Write out, with no changes, every line starting at the one that contains "Mobilhållare 360 graders vridbart fäste" and ending at the last line of the data below. Leave pictures out.

:: Data block ::
****

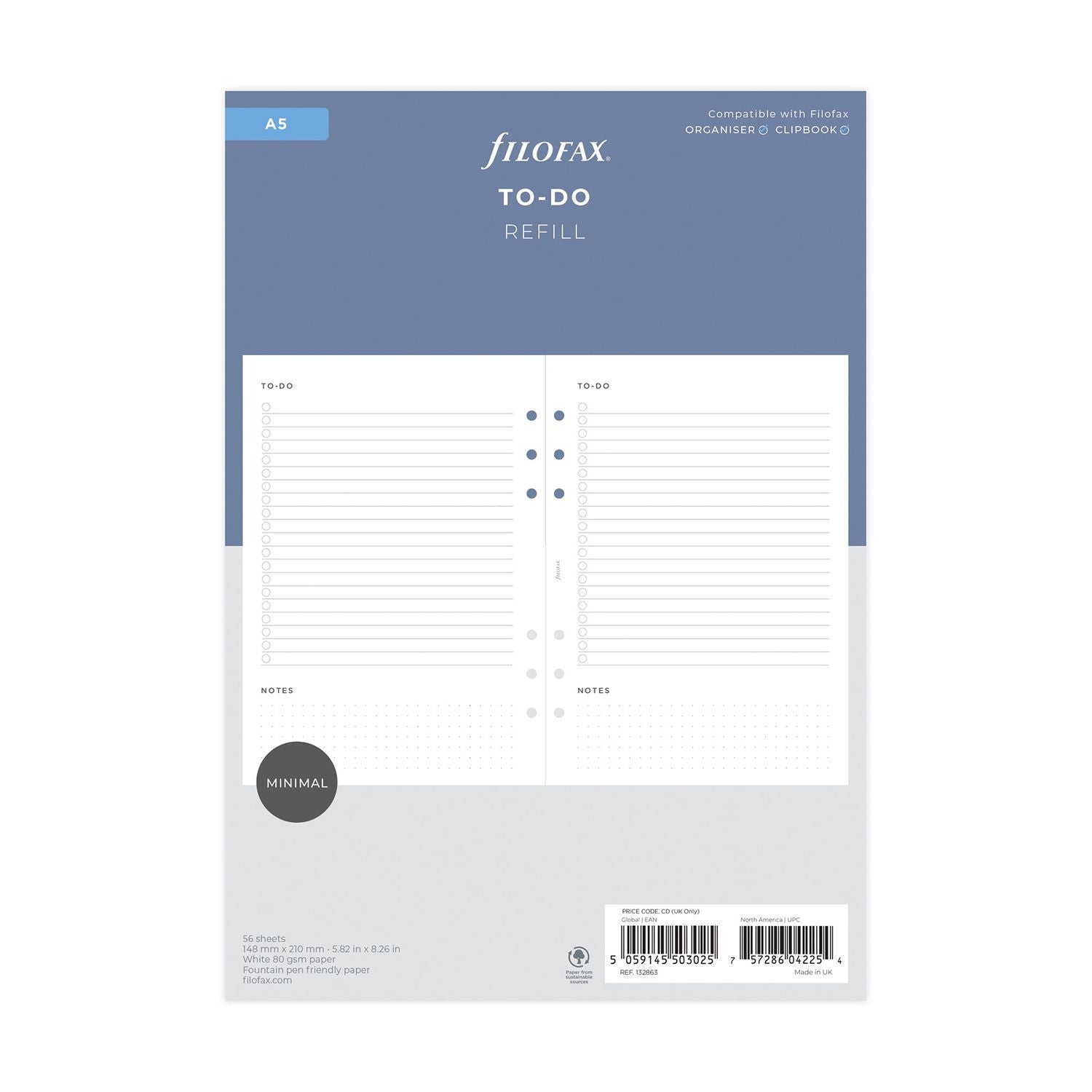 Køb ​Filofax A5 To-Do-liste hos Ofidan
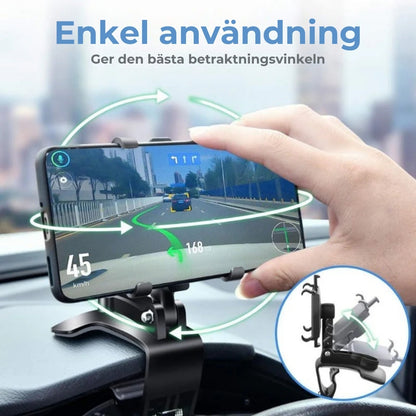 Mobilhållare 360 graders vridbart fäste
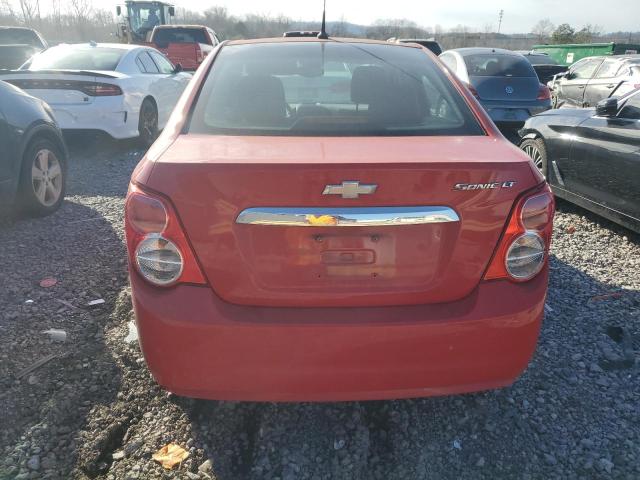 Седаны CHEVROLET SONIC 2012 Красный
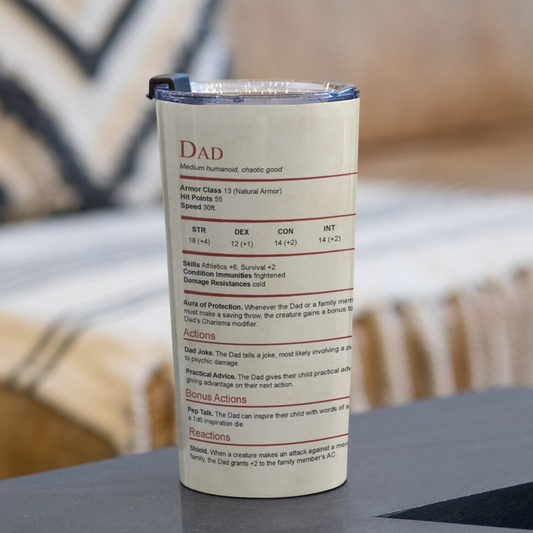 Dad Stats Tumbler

****

:: Answer to the exercise ::
 Mobilhållare 360 graders vridbart fäste
 Седаны CHEVROLET SONIC 2012 Красный
 Dad Stats Tumbler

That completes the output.